Nein, Enigmatis 3 (Full) lässt sich grundsätzlich auch ohne Kenntnisse der ersten beiden Teile spielen. Die wichtigsten Figuren und Zusammenhänge werden im Verlauf erklärt, sodass die Handlung verständlich bleibt. Trotzdem ist es empfehlenswert, die Vorgänger zu kennen, wenn man die Entwicklung der Ermittlerin, die wiederkehrenden Charaktere und die übergreifende Geschichte vollständig nachvollziehen möchte. Wer direkt mit Teil drei beginnt, kann dennoch problemlos in das Abenteuer einsteigen.

Ist Enigmatis 3 (Full) kostenlos spielbar oder gibt es In-App-Käufe?

Die Bezeichnung „Full“ steht normalerweise für die vollständige Version des Spiels, während je nach Store und Plattform auch eine kostenlose Test- oder Demoversion angeboten werden kann. Vor dem Download sollte man deshalb die aktuelle Produktseite im jeweiligen App-Store prüfen. In der Vollversion ist die komplette Geschichte enthalten; zusätzliche Käufe sind in der Regel nicht notwendig, können aber abhängig von der jeweiligen Veröffentlichung und Region unterschiedlich gehandhabt werden.

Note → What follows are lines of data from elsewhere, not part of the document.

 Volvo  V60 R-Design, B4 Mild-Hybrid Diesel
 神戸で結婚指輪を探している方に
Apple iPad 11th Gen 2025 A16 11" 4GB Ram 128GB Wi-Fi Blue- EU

Welche Spielmechanik und welchen Schwierigkeitsgrad bietet Enigmatis 3 (Full)?

Das Spiel kombiniert Wimmelbildszenen, Inventarrätsel, Dialoge, Ermittlungsaufgaben und klassische Logikpuzzles. Viele Aufgaben sind zugänglich gestaltet, können aber bei einzelnen Rätseln etwas Geduld erfordern. Hilfesysteme und Hinweise unterstützen, wenn man an einer Stelle nicht weiterkommt. Dadurch eignet sich Enigmatis 3 sowohl für Einsteiger im Adventure-Genre als auch für erfahrene Spieler, die Wert auf Atmosphäre, Erkundung und eine zusammenhängende Kriminalgeschichte legen.

Funktioniert Enigmatis 3 (Full) offline und welche Geräte werden unterstützt?

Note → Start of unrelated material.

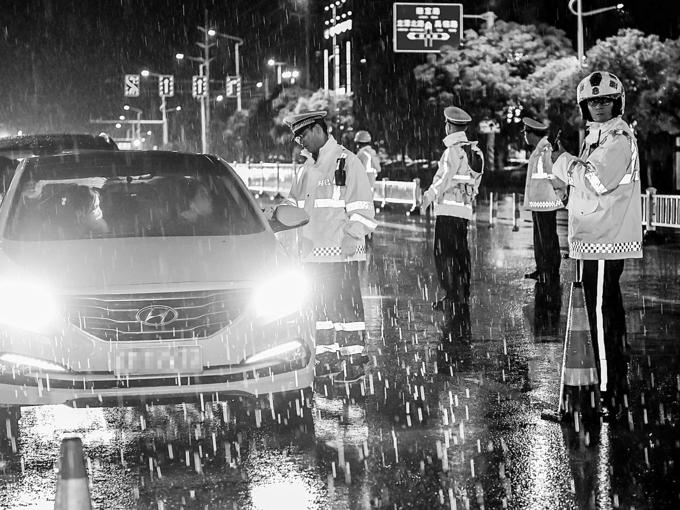 【我为群众办实事】公安机关多措并举 护航高考2021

Nach der Installation kann Enigmatis 3 (Full) üblicherweise auch ohne dauerhafte Internetverbindung gespielt werden, was es für Reisen oder längere Wartezeiten praktisch macht. Für den Download, die Lizenzprüfung oder Updates kann jedoch zunächst eine Verbindung erforderlich sein. Die genaue Kompatibilität hängt von der Android- beziehungsweise iOS-Version und dem jeweiligen Gerät ab. Vor der Installation sollte man daher die Systemanforderungen im offiziellen Store kontrollieren.